Portanto, apesar da indicação dos árbitros pelas próprias partes, há mecanismos seguros para garantir a independência e a imparcialidade dos árbitros.

Lucas Hermeto: O mais comum, previsto nos regulamentos das principais câmaras de arbitragem do Brasil e do mundo, é que cada parte indique um árbitro e que os árbitros indicados pelas partes escolham conjuntamente o árbitro-presidente do tribunal. Normalmente, então, as impugnações são dirigidas ao árbitro indicado pela parte contrária. É claro que as partes só indicarão árbitros em que elas ou seus advogados confiam. O problema é quando essa confiança resulta de um relacionamento muito próximo, que faça com que aquele árbitro possa, em tese, ter comprometida a sua imparcialidade. Mas as estatísticas mostram que, muitas vezes, as impugnações são infundadas e se destinam apenas a impedir que a outra parte indique quem ela legitimamente quer indicar.

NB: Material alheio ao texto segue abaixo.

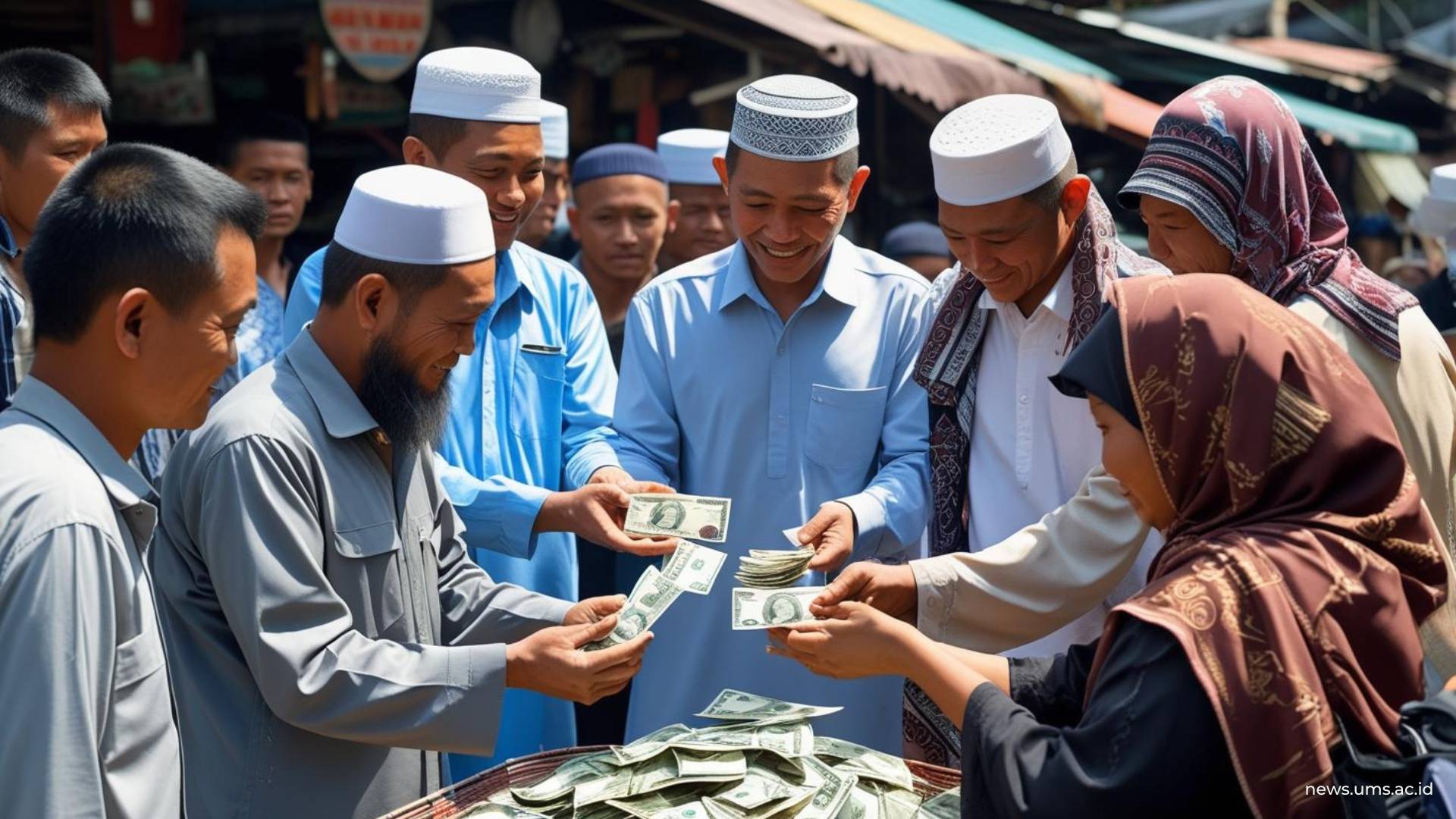 Ilustrasi muslim bersedekah sejumlah uang kepada orang yang kurang beruntung. (Foto: Canva)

Como funciona o processo de impugnação de um árbitro e, quando isso ocorre, o que acontece com a arbitragem? 

Guilherme Capuruço e Bruno Viana:  Regra geral, a impugnação do árbitro ocorre logo após a sua indicação, antes mesmo de a arbitragem ser instaurada. A Lei de Arbitragem não dispõe sobre o procedimento de impugnação dos árbitros, ficando a matéria à cargo dos regulamentos de cada câmara de arbitragem.

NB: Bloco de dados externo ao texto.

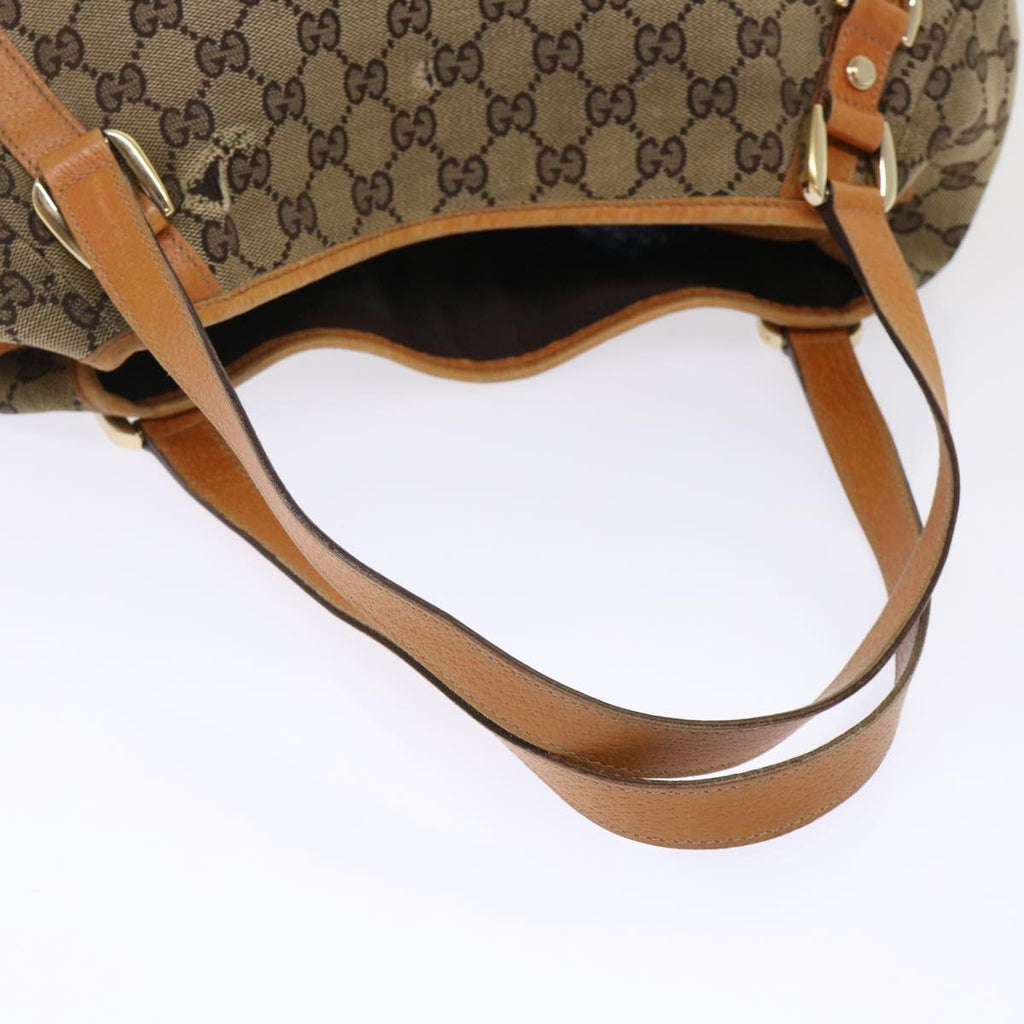 GUCCI GG Canvas Hand Bag Leather Brown  48449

O procedimento mais comum no Brasil é constituir um comitê especial, formado por três membros do corpo de árbitros da câmara de arbitragem, para decidir sobre a imparcialidade e independência do árbitro impugnado. Esse é o sistema adotado, por exemplo, na CAM-CCBC, na CAMARB, na CIESP/FIESP, mas não é o único.

Alguns regulamentos preveem que as impugnações serão decididas pela própria câmara de arbitragem. É o que acontece, por exemplo, da Câmara de Arbitragem do Mercado, da B3, onde as impugnações à nomeação do árbitro são decididas conjuntamente pelo presidente e pelos vice-presidentes da câmara.

A parte que impugna a indicação de um árbitro tem o ônus de comprovar o fato em que se funda a alegação. Ouve-se o árbitro impugnado. Uma vez acolhida a impugnação, devolve-se à parte (ou aos demais árbitros) que havia indicado o árbitro impugnado a faculdade de indicar outro. E a arbitragem seguem seu caminho natural.

Lucas Hermeto: Logo após ser indicado, o árbitro deve revelar eventuais relações profissionais e pessoais que possua com as partes e advogados da causa. Na maioria das vezes, árbitros são advogados. Assim, por exemplo, se no passado o árbitro advogou para uma das partes, ainda que isso necessariamente não gere o seu impedimento, é recomendável que a revelação seja feita – para que isso não possa gerar uma alegação de nulidade da arbitragem depois.

Após as revelações, as partes podem apresentar suas impugnações, que são decididas de plano pela câmara arbitral. O problema ocorre quando um fato deixa de ser revelado pelo árbitro. Nesse caso, as partes deveriam fazer a impugnação no primeiro momento em que tomam conhecimento do fato. Mas é comum que uma delas, de má-fé, guarde a alegação debaixo do braço como “trunfo”, para depois tentar anular a sentença arbitral no Poder Judiciário, caso o resultado lhe seja desfavorável. E se a alegação for acolhida, isso pode fazer com que a resolução do litígio que foi objeto da arbitragem demore anos a mais para ter uma solução definitiva, mesmo já tendo o seu mérito julgado pelo tribunal arbitral.


A recente pesquisa “Arbitragem em números e valores” mostrou que, em 2021, os pedidos de impugnação de árbitros foram de 4% dos litígios e os pedidos acolhidos representaram apenas 0,6% do total. Como você avalia o resultado?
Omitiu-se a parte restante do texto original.